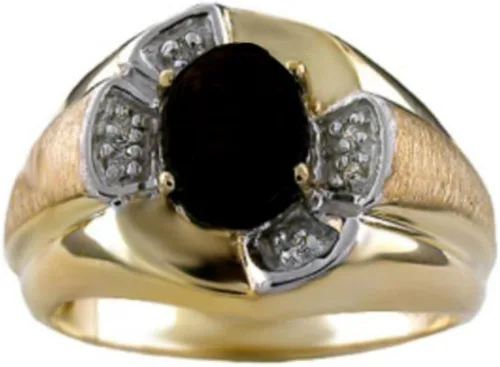 Vista 3 de RYLOS Anillos para hombre de oro amarillo de 14 quilates Anillo de diamante y ojo de tigre de 0.315 x 0.236in, anillos de piedra preciosa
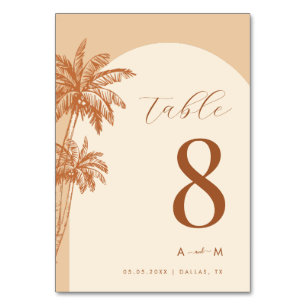 Drawn Palm Tree Warm Ivory Monogram Beach Wedding  Table Number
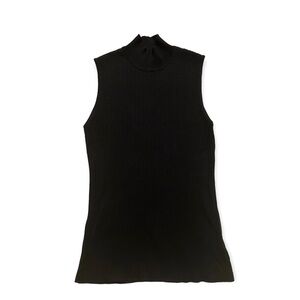 Madison Grey Ribbed Sleeveless Turtleneck Black Medium​​​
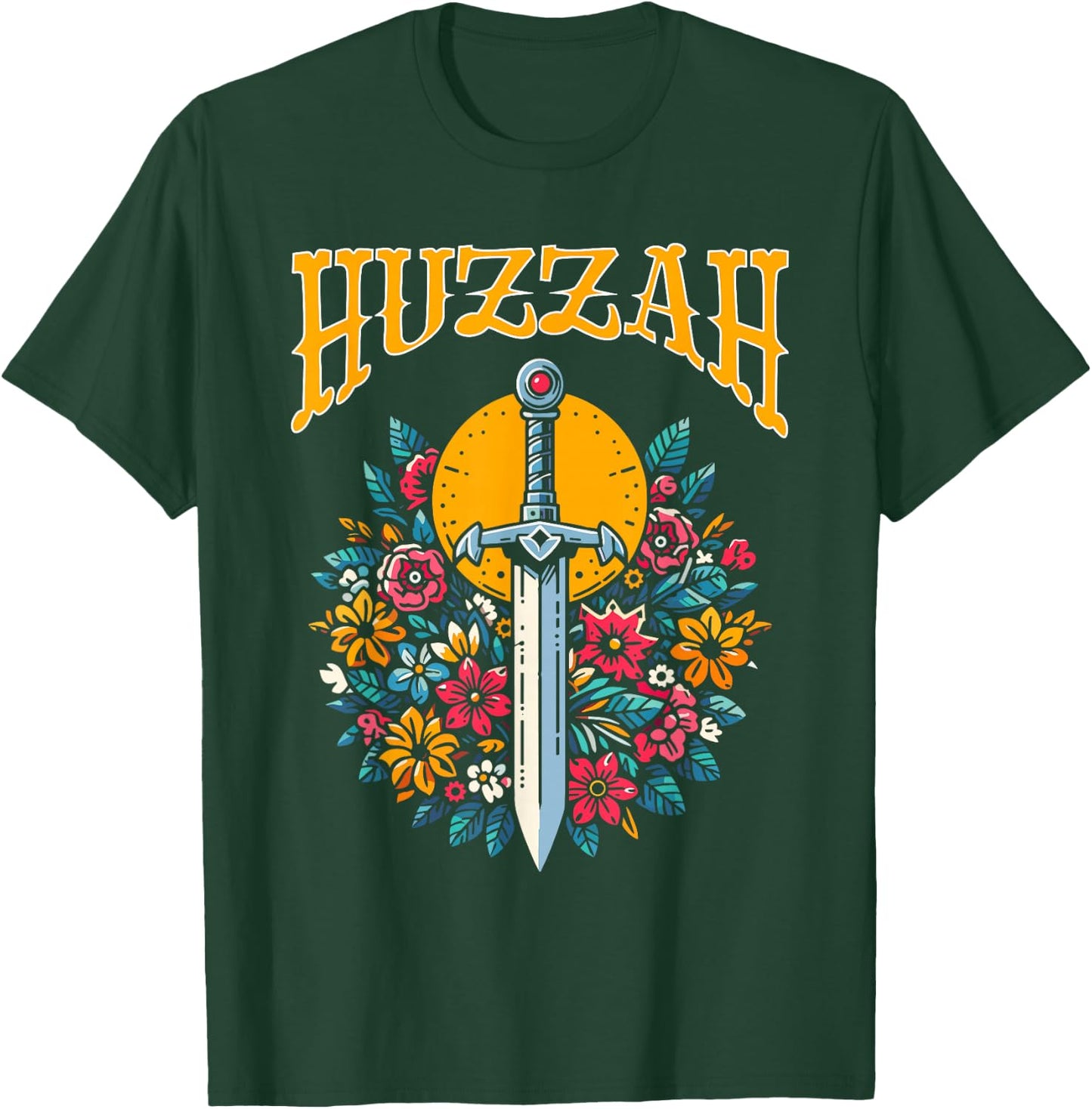 Middle Age Huzzah - Historical Ren Faire Renaissance Fair T-Shirt - T-Shirt | Forest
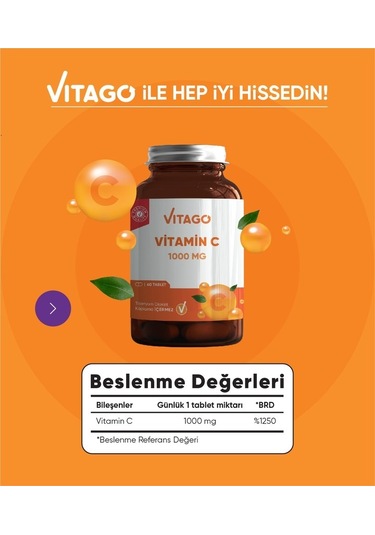 Vitago Premium Vitamin C 1000 MG İçeren Takviye Edici Gıda 60 Tablet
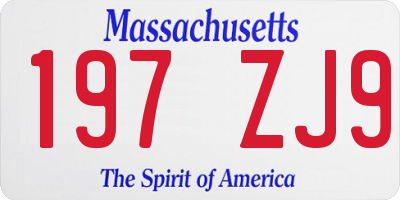 MA license plate 197ZJ9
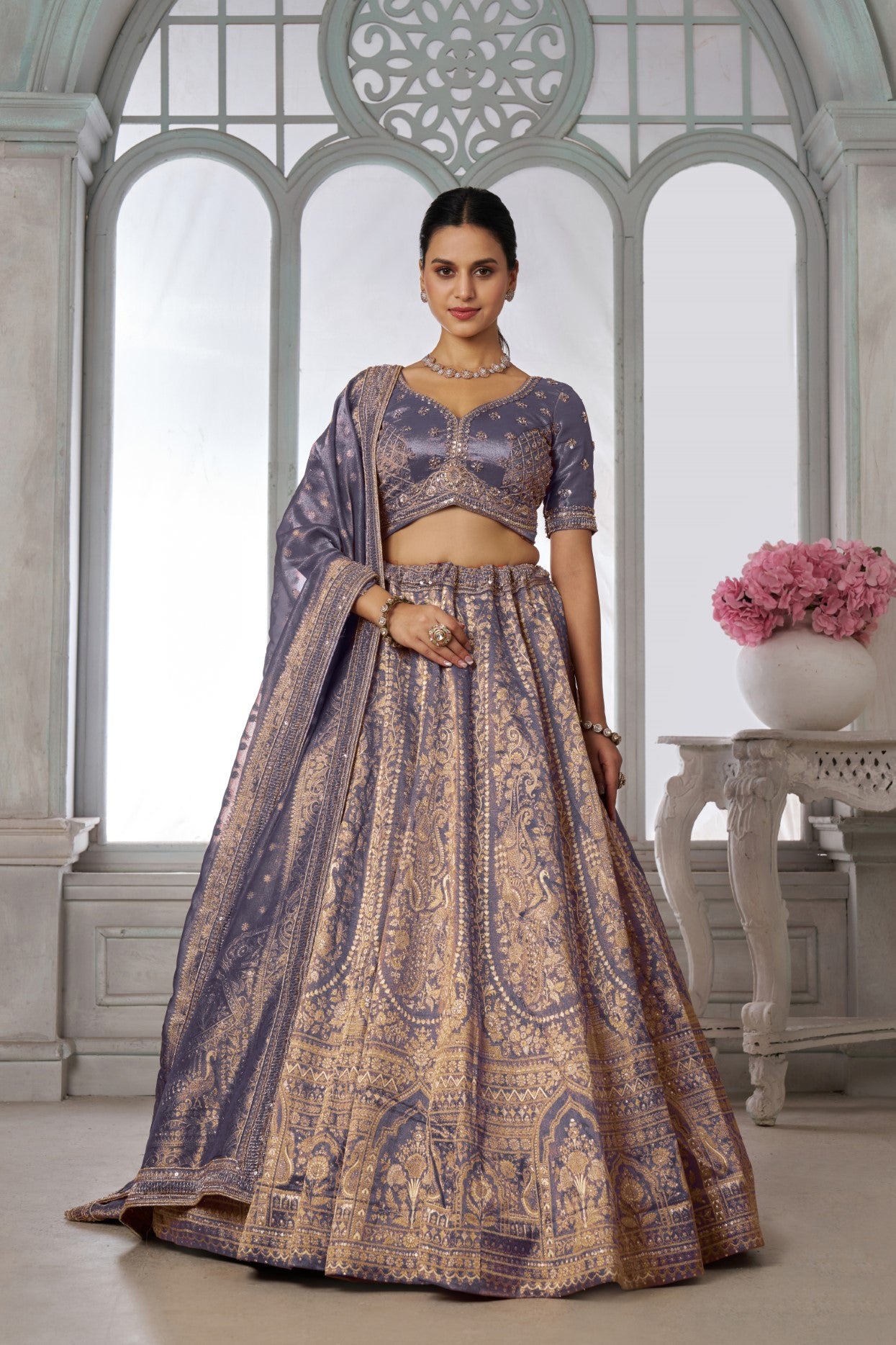 Purple Kanjivaram Tissue Jari Bridal Lehenga Choli with Beadwork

> _WHAT TO DO_:
Output every record above exactly, leaving out the pictures.

> _WRITTEN SOLUTION_:
 Vista 3 de RYLOS Anillos para hombre de oro amarillo de 14 quilates Anillo de diamante y ojo de tigre de 0.315 x 0.236in, anillos de piedra preciosa
 Drawn Palm Tree Warm Ivory Monogram Beach Wedding  Table Number
 Madison Grey Ribbed Sleeveless Turtleneck Black Medium​​​
 Middle Age Huzzah - Historical Ren Faire Renaissance Fair T-Shirt - T-Shirt | Forest
 Vitago Premium Vitamin C 1000 MG İçeren Takviye Edici Gıda 60 Tablet
 MA license plate 197ZJ9
 Purple Kanjivaram Tissue Jari Bridal Lehenga Choli with Beadwork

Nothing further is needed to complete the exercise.